*** Provided data

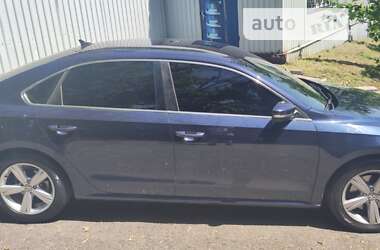 Седан Volkswagen Passat 2012 в Киеве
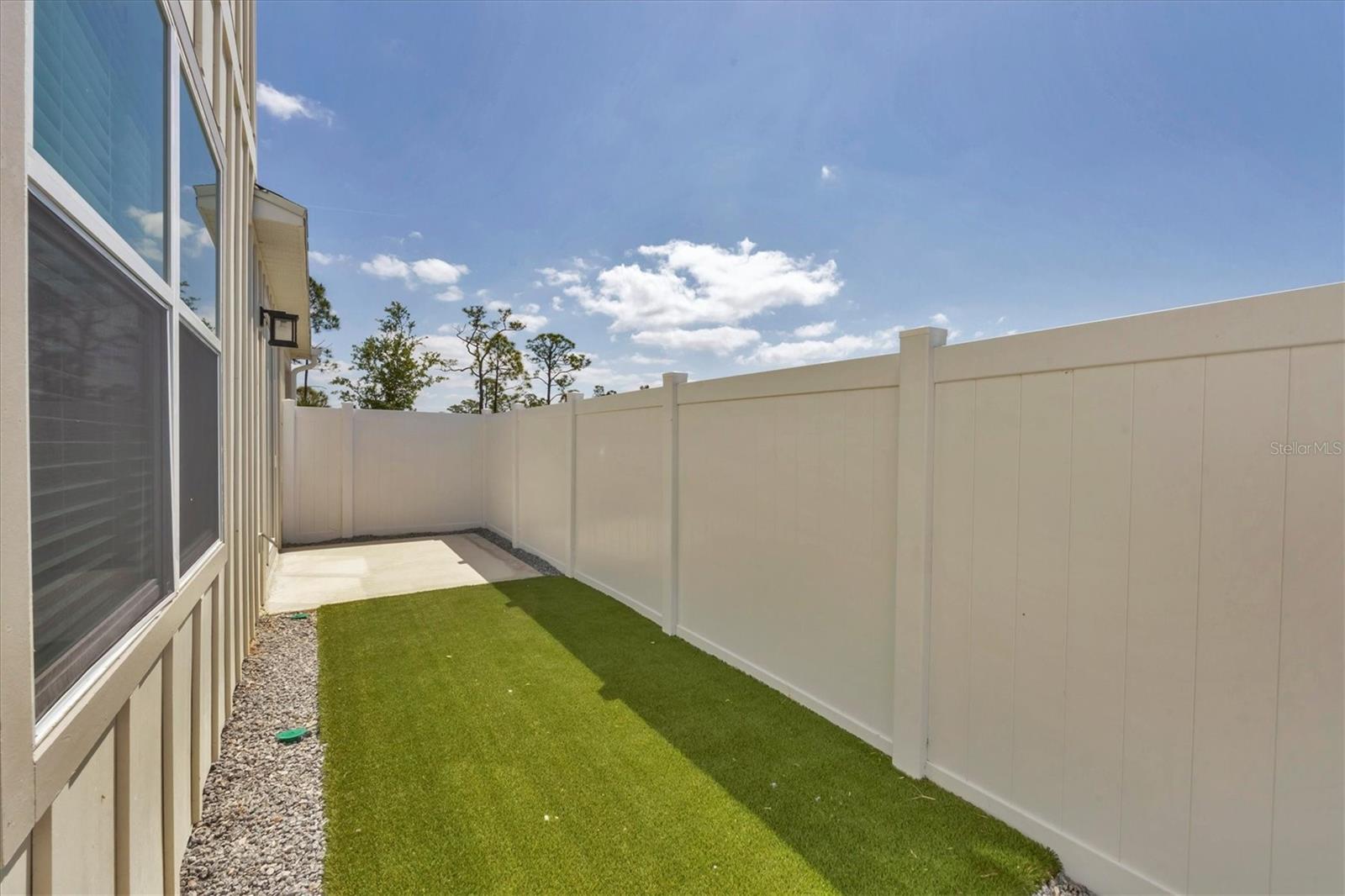 BB LIVING IN WELLEN PARK - Residential Lease
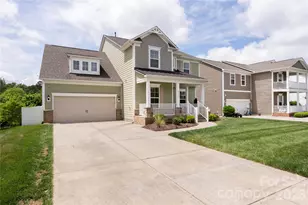 8763 Gladden Hill Ln, Fort Mill, SC 29715 - Photo 3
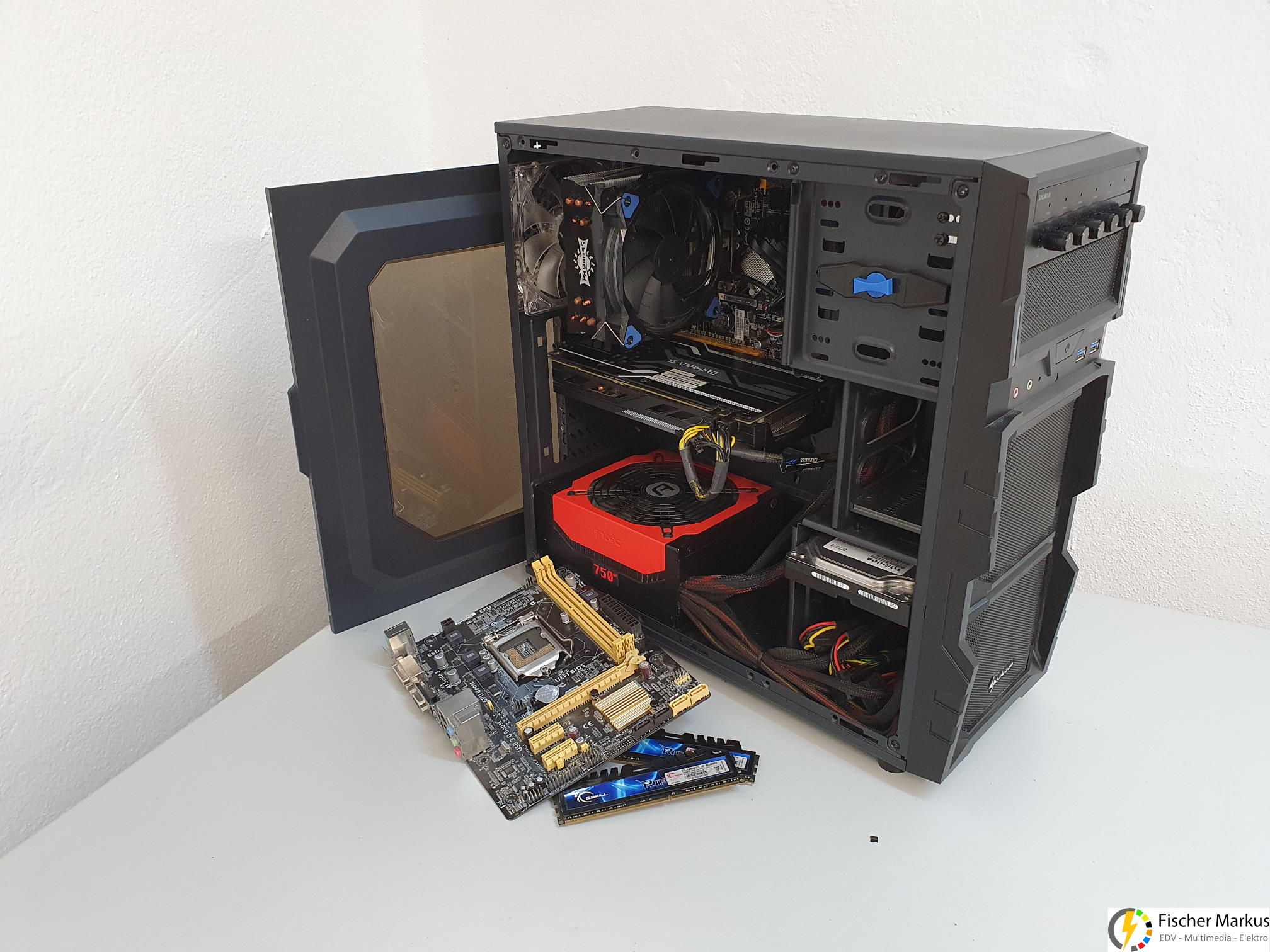 PC Reparatur defektes Mainboard (1)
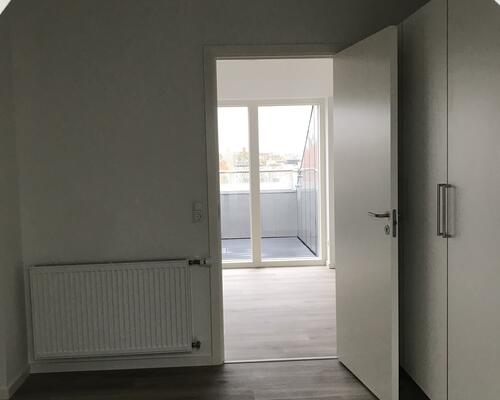 Skøn lys 2 væreslses lejlighed med tagterrasse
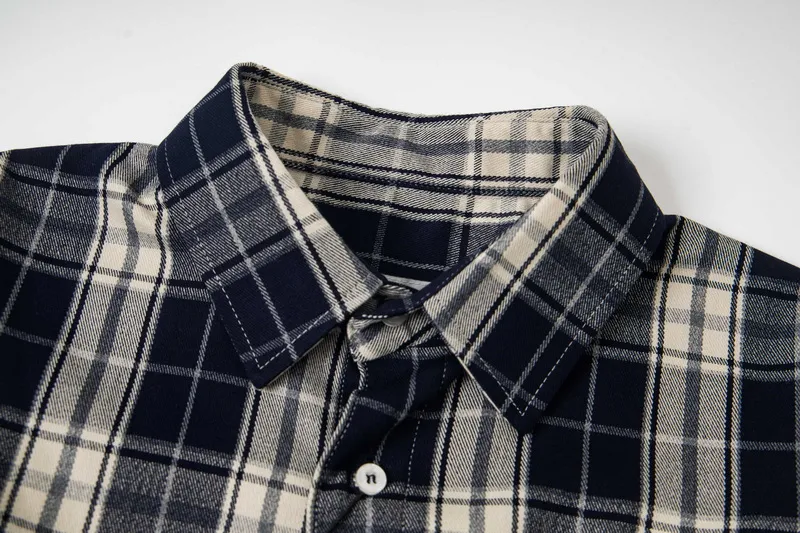 Collar Detail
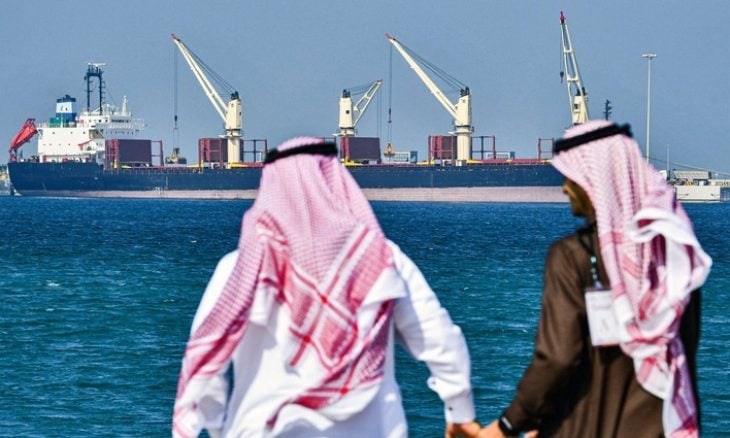 لوموند: السعودية والاقتصاد العالمي بين فكي كماشة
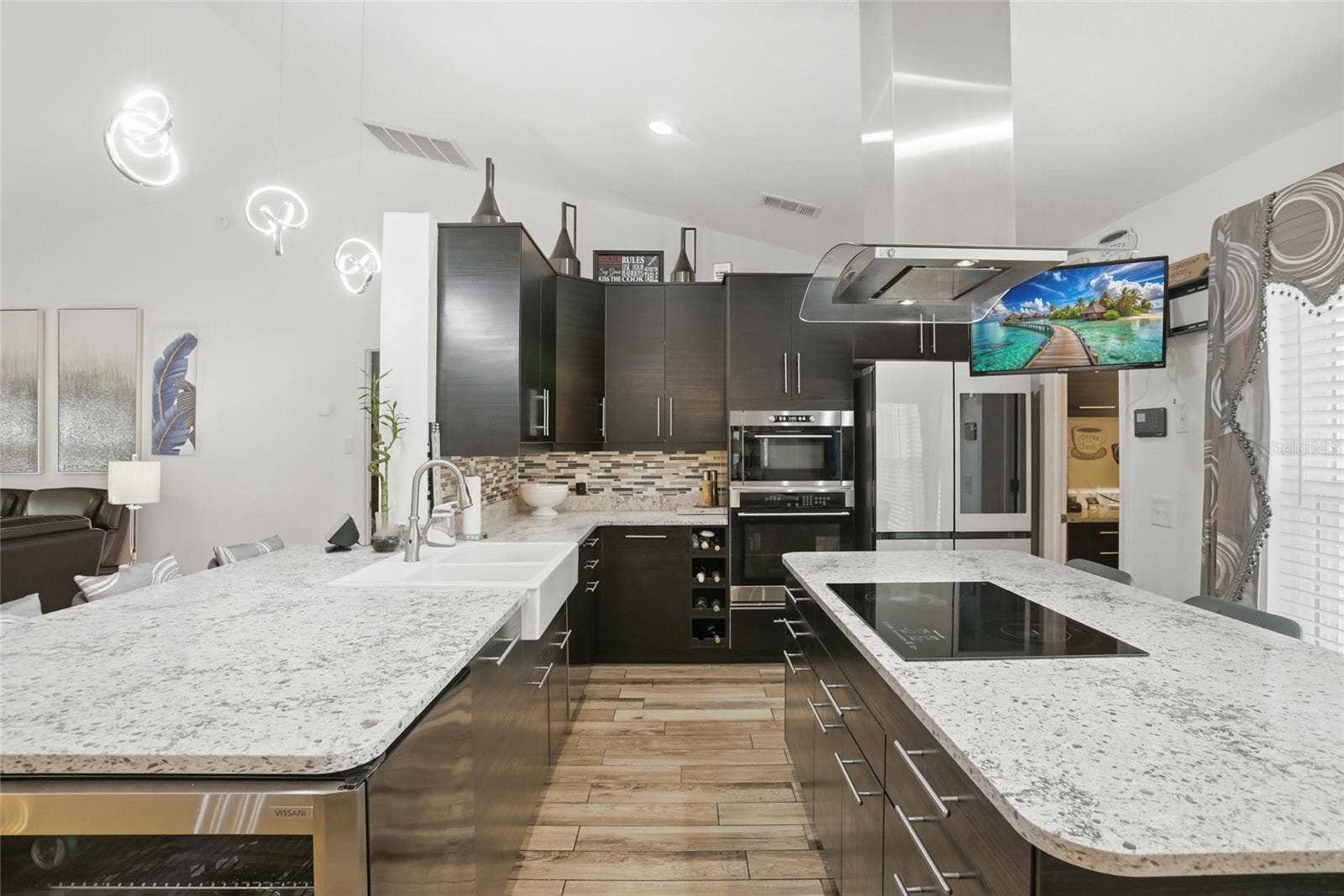 3185 TIMUCUA CIRCLE, Orlando, FL 32837 3185 TIMUCUA CIRCLE, Orlando, FL 32837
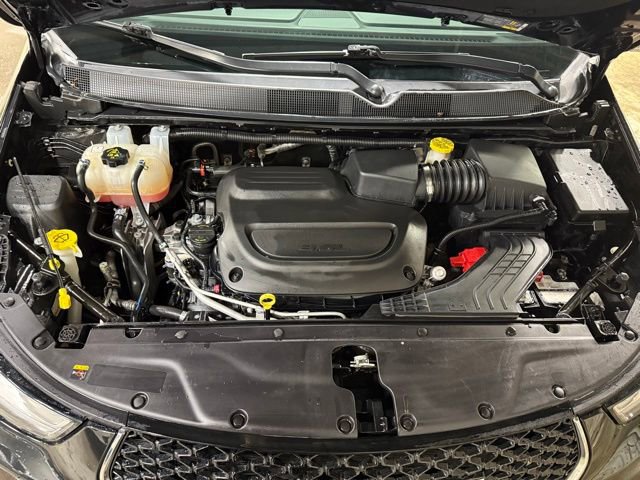 Used 2024 Chrysler Pacifica Touring-L image 28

******

— What is needed —
Copy nothing past the line containing "3185 TIMUCUA CIRCLE, Orlando, FL 32837 3185": reproduce every line from the start of the records up to it, skipping pictures.

— Your response —
 Седан Volkswagen Passat 2012 в Киеве
 BB LIVING IN WELLEN PARK - Residential Lease
 8763 Gladden Hill Ln, Fort Mill, SC 29715 - Photo 3
 PC Reparatur defektes Mainboard (1)
 Skøn lys 2 væreslses lejlighed med tagterrasse
 Collar Detail
 لوموند: السعودية والاقتصاد العالمي بين فكي كماشة
 3185 TIMUCUA CIRCLE, Orlando, FL 32837 3185 TIMUCUA CIRCLE, Orlando, FL 32837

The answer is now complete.